# [WHAT YOU WILL DO]
Return the records below character for character.

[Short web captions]
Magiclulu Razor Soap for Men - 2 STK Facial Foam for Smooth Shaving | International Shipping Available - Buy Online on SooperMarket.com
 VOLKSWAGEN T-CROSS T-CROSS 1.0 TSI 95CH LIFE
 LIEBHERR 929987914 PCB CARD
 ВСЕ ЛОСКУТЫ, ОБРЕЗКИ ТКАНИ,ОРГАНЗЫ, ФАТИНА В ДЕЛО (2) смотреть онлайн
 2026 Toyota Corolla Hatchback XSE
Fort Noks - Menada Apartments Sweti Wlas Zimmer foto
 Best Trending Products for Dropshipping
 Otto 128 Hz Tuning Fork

# [OUTPUT FOR THIS EXERCISE]
Magiclulu Razor Soap for Men - 2 STK Facial Foam for Smooth Shaving | International Shipping Available - Buy Online on SooperMarket.com
 VOLKSWAGEN T-CROSS T-CROSS 1.0 TSI 95CH LIFE
 LIEBHERR 929987914 PCB CARD
 ВСЕ ЛОСКУТЫ, ОБРЕЗКИ ТКАНИ,ОРГАНЗЫ, ФАТИНА В ДЕЛО (2) смотреть онлайн
 2026 Toyota Corolla Hatchback XSE
Fort Noks - Menada Apartments Sweti Wlas Zimmer foto
 Best Trending Products for Dropshipping
 Otto 128 Hz Tuning Fork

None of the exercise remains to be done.